After the month was over we received direction on what we needed to do to submit our work, and an actual book came together beneath my fingertips! At first, it was a bunch of poems strewn together all willy-nilly. I read through each and every one and crossed out what I wouldn’t be using, circling what I would. Then I started checking grammar and spelling and asked myself questions like “Does that sound right?” and “Seriously? You’re going to leave this like that?” I scurried to a nearby bagel shop at lunchtime and drank cocoa and ate bagels and gave myself the luxury of being with my very own creation, alone.
Imagine my surprise when I was editing my work and I found that my theme had parts – a beginning, a middle and an end. I had no idea while I was poeming that something like that would happen! As I put my poems in order, I could see where it was all going and the satisfaction in that moment was something I had never experienced before in my writing life.
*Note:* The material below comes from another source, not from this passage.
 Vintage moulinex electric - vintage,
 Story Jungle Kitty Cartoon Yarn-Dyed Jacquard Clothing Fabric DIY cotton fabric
Now, today, I am done. With trepidation, I have forwarded it to the powers that be that will judge my precious and deem it worthy or not. I have not shared this with one single person I know. Being judged by strangers is a lot easier than being judged by family. Someday, perhaps if I am validated by being published, I will be able to share, with confidence, with those I love. Until then I will practice and work and create and become the person I dream I can be.
At the beginning of 2015 I promised myself that I would write. I promised I would write my novel, although that hasn’t happened yet, but I did write and I finished a project and for me that is monumental. I can’t wait to see what next year brings, but I’m going to make my goal to get back into my book and really work on it. I want my characters to be known. They deserve it. So 2016 will be my book’s year.
Thank you so much to everyone here that has encouraged me. Thank you to the challenge generators that make us all strive to create and complete. For once, I am proud of something. I haven’t been able to say that for a long time.